**EXERCISE:**
The answer must consist solely of the lines from the opening line of the entries through the line with "Puressentiel Huile Essentielle", transcribed exactly and without any pictures.

Stored data
________________

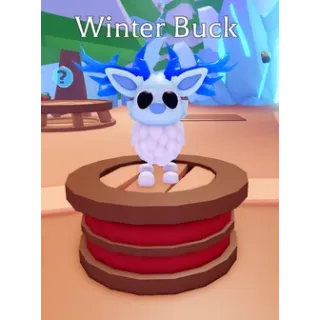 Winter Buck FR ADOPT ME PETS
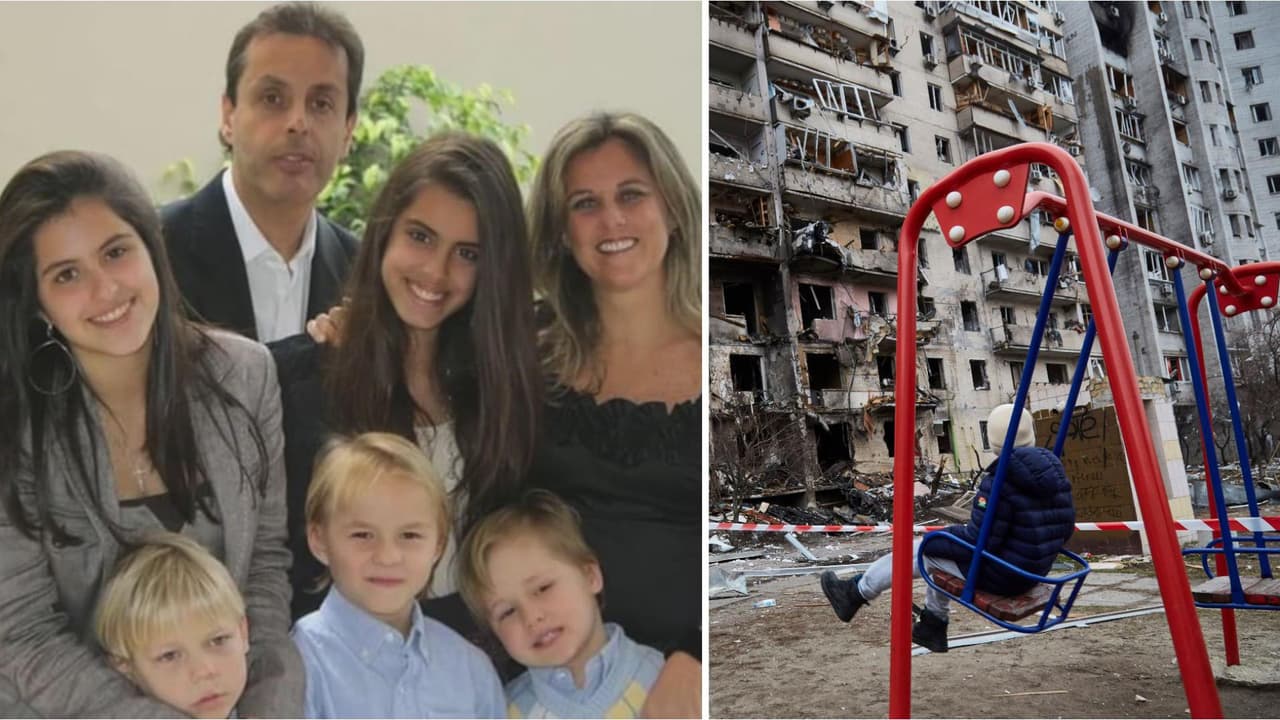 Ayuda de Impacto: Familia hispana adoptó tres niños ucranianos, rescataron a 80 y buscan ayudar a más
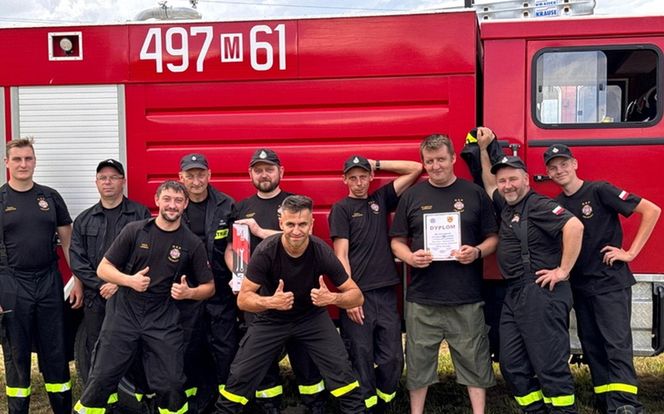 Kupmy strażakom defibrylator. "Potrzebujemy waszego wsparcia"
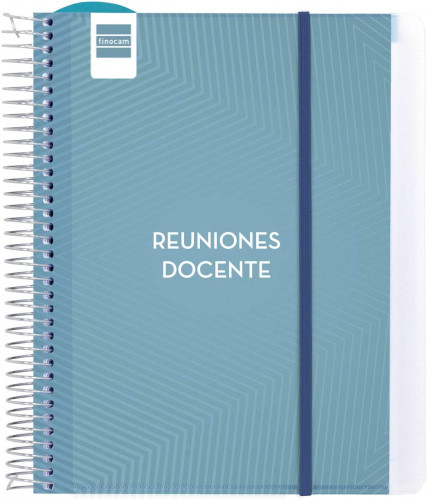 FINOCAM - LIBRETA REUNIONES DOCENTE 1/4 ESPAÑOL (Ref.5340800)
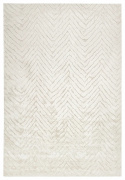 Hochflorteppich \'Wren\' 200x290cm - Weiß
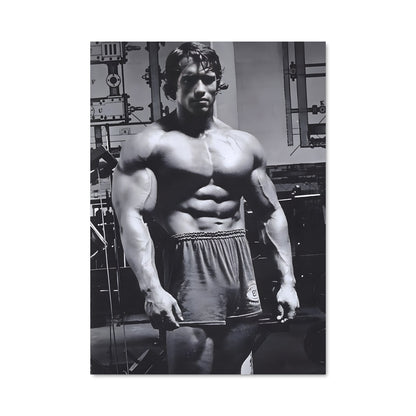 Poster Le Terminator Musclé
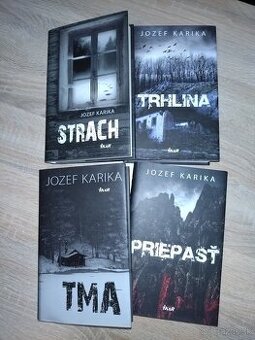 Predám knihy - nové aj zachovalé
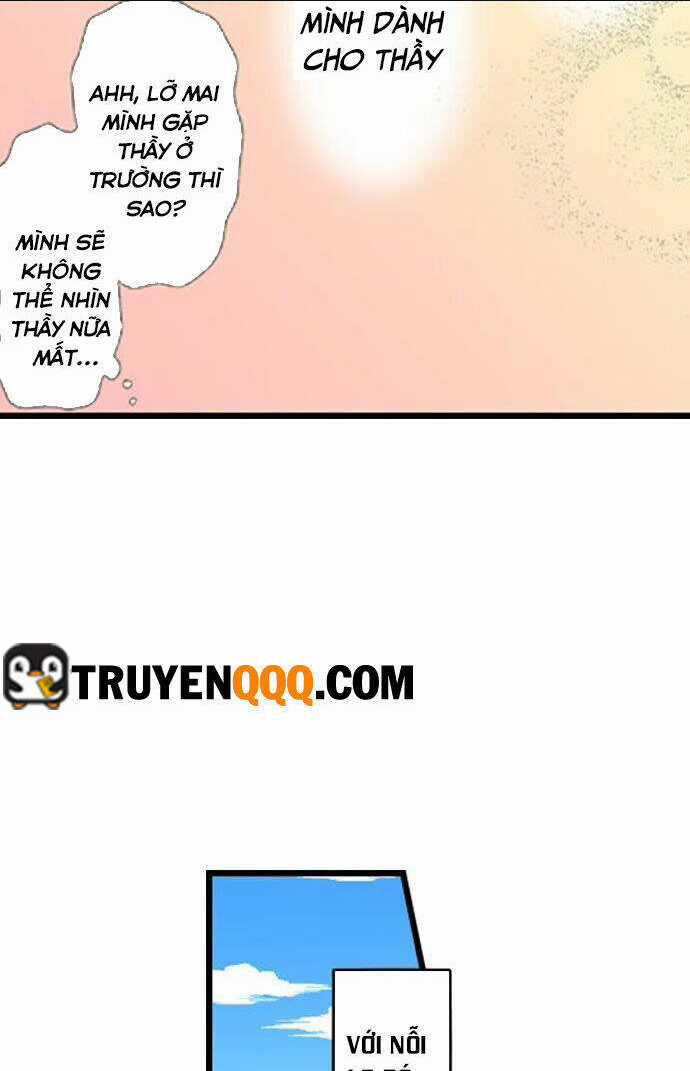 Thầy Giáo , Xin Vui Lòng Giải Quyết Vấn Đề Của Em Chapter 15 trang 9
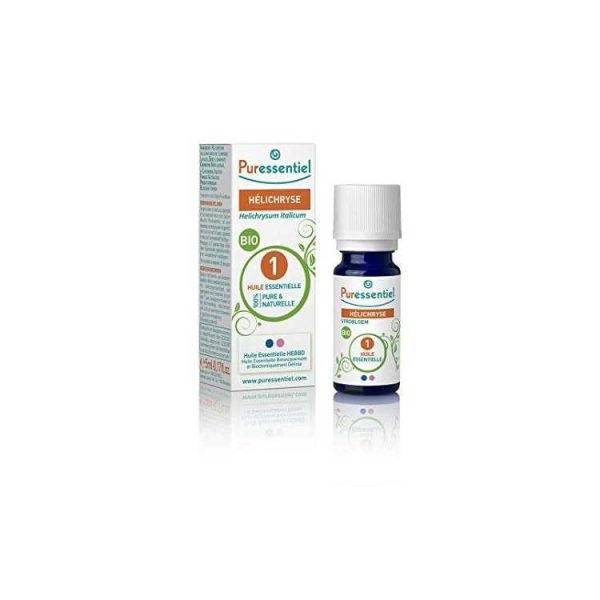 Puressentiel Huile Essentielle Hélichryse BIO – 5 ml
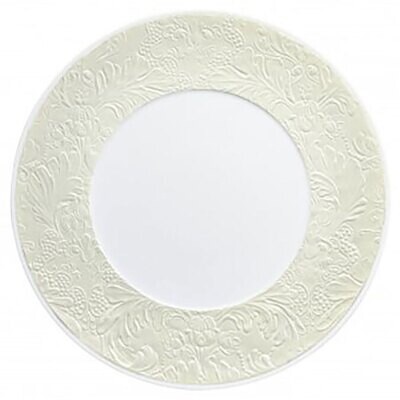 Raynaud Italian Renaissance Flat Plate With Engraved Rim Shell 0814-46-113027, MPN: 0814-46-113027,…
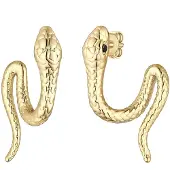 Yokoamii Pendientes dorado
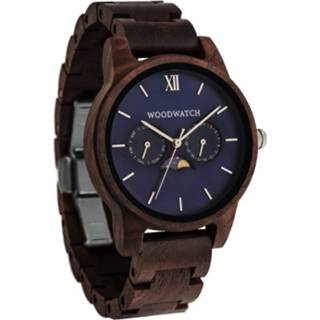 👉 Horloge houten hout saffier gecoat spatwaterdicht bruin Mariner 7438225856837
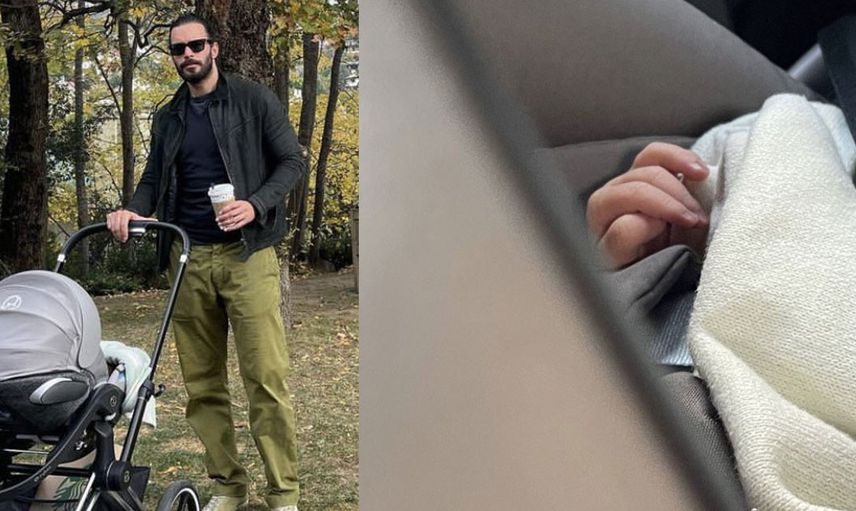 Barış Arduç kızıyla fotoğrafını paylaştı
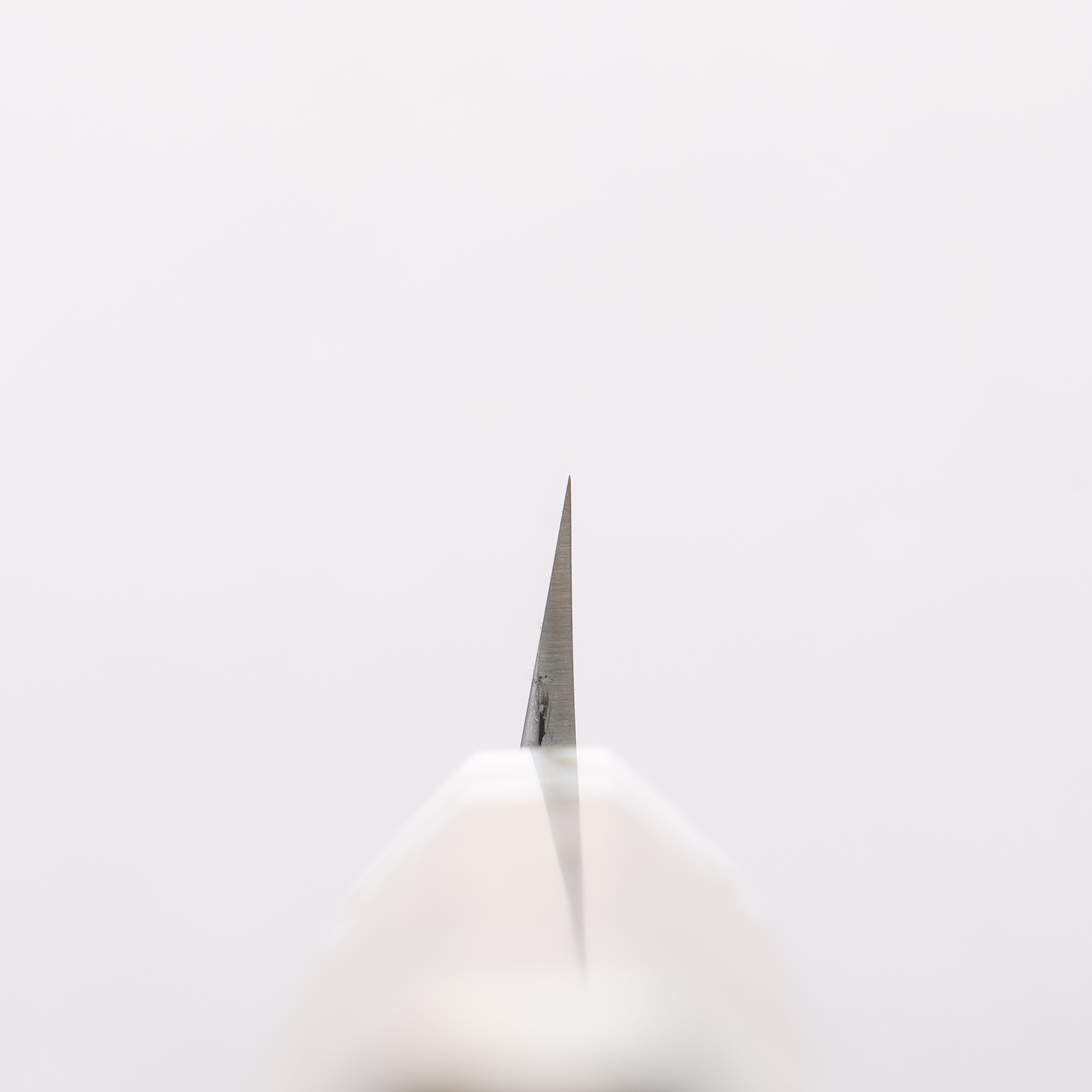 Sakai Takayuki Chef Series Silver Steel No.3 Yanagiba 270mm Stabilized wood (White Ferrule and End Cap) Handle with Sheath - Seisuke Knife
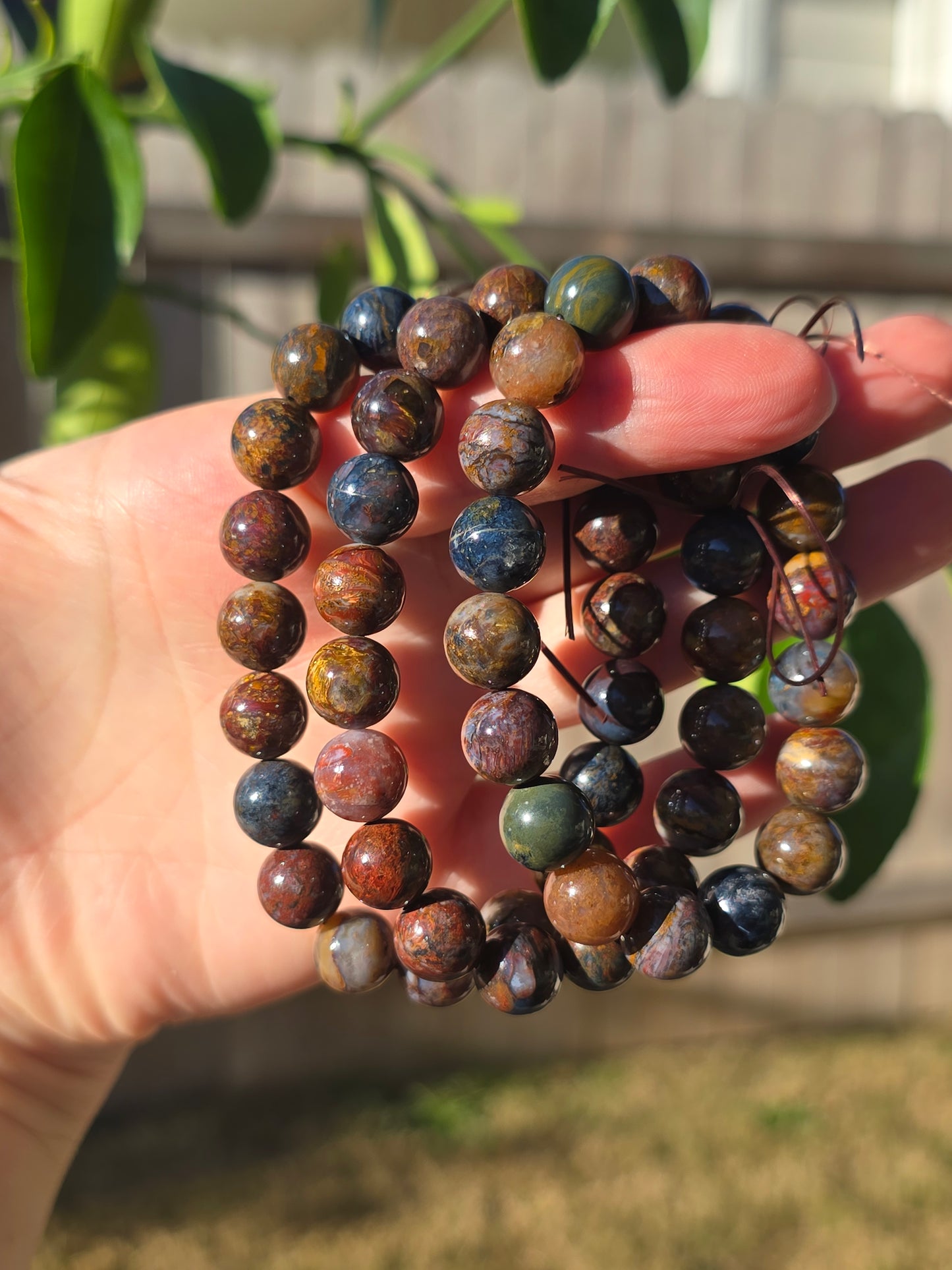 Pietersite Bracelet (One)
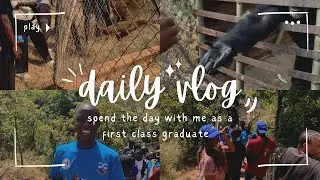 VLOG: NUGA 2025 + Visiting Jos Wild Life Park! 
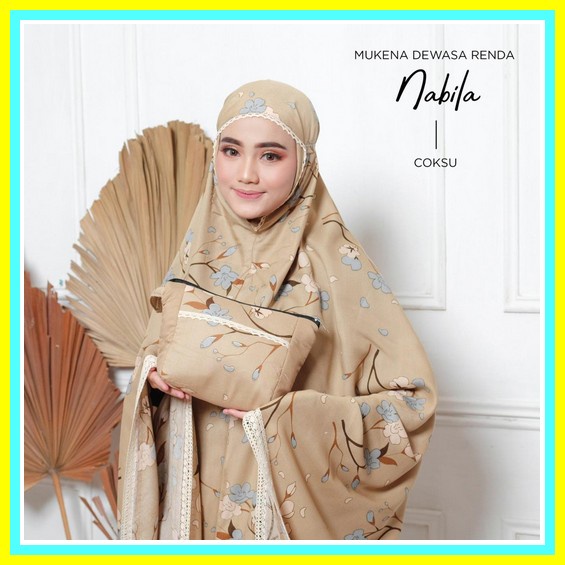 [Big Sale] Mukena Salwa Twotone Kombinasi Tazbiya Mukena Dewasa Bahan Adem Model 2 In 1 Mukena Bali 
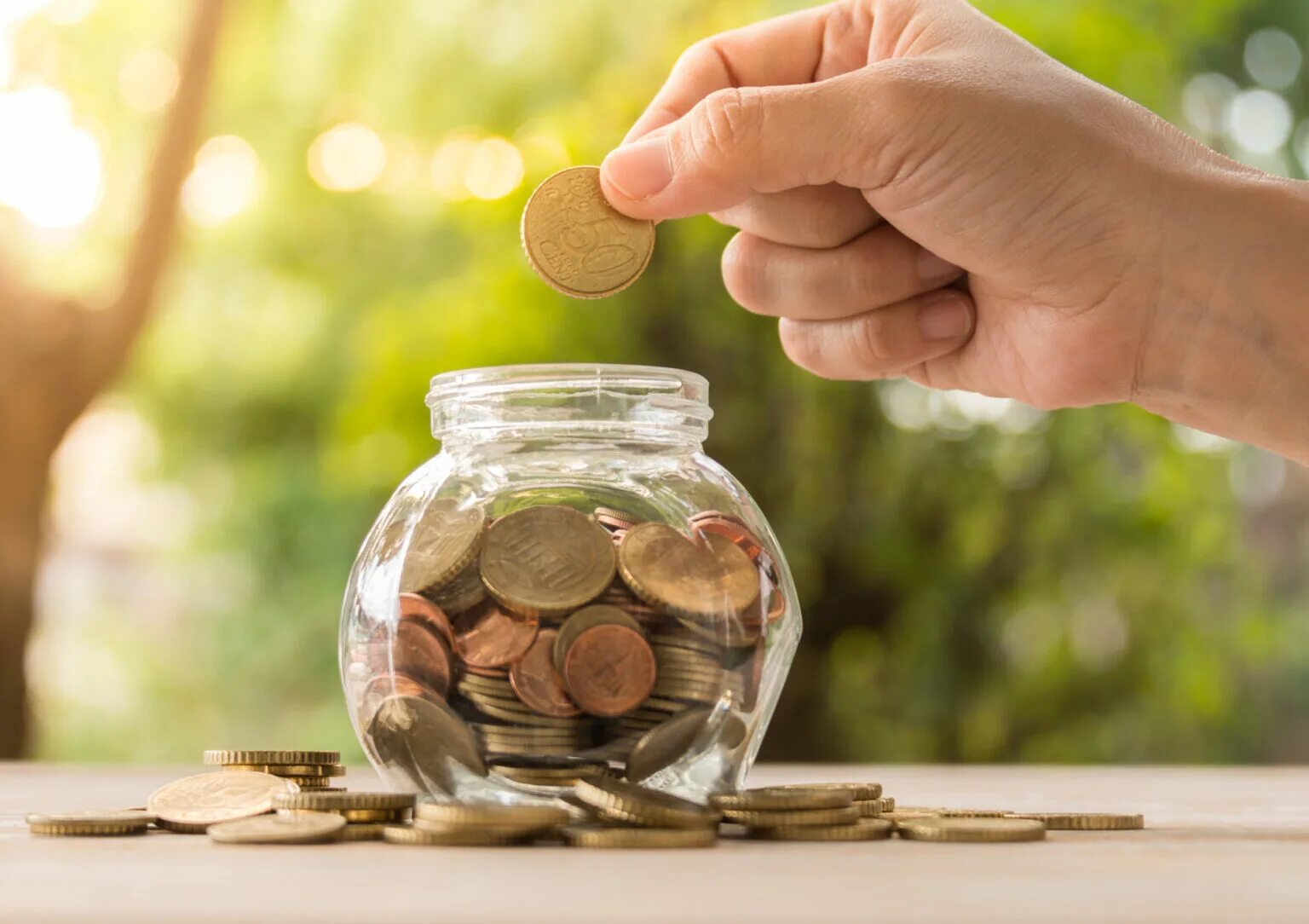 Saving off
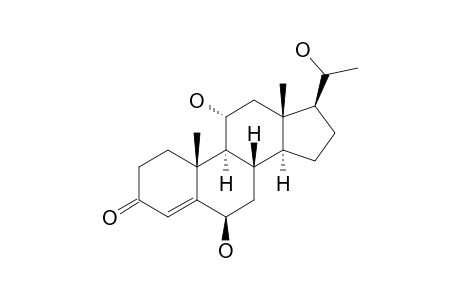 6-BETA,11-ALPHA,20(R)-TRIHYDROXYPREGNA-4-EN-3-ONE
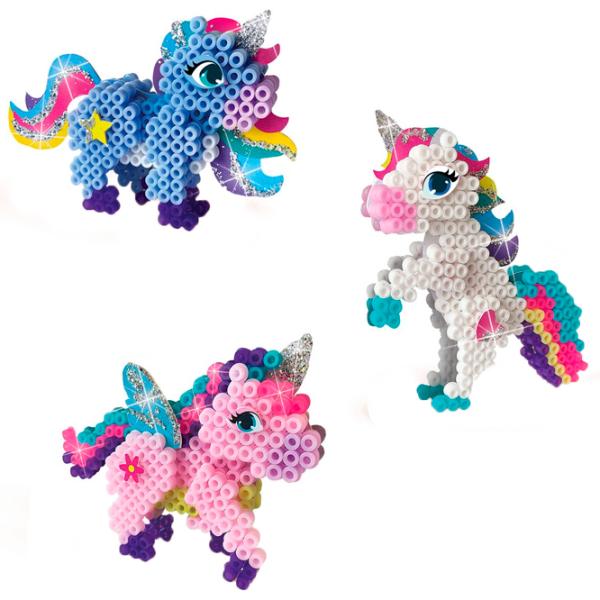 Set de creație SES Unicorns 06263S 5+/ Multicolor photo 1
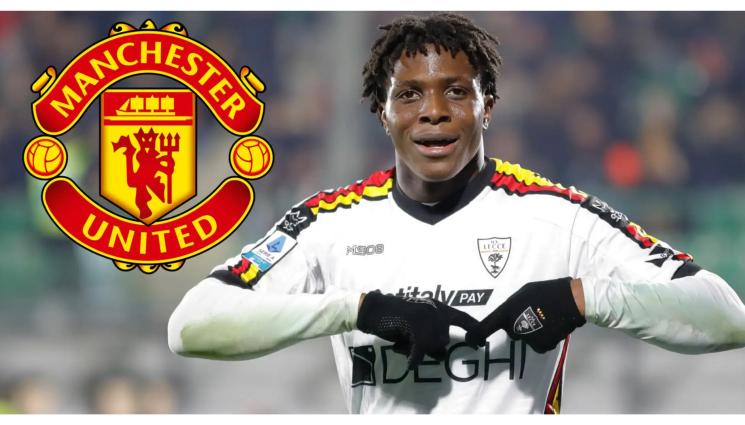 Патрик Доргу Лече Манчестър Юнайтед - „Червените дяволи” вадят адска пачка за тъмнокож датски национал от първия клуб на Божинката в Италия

________________

**EXERCISE RESULT:**
 Winter Buck FR ADOPT ME PETS
 Ayuda de Impacto: Familia hispana adoptó tres niños ucranianos, rescataron a 80 y buscan ayudar a más
 Kupmy strażakom defibrylator. "Potrzebujemy waszego wsparcia"
 FINOCAM - LIBRETA REUNIONES DOCENTE 1/4 ESPAÑOL (Ref.5340800)
 Hochflorteppich \'Wren\' 200x290cm - Weiß
 Poster Le Terminator Musclé
 Predám knihy - nové aj zachovalé
 Thầy Giáo , Xin Vui Lòng Giải Quyết Vấn Đề Của Em Chapter 15 trang 9
 Puressentiel Huile Essentielle Hélichryse BIO – 5 ml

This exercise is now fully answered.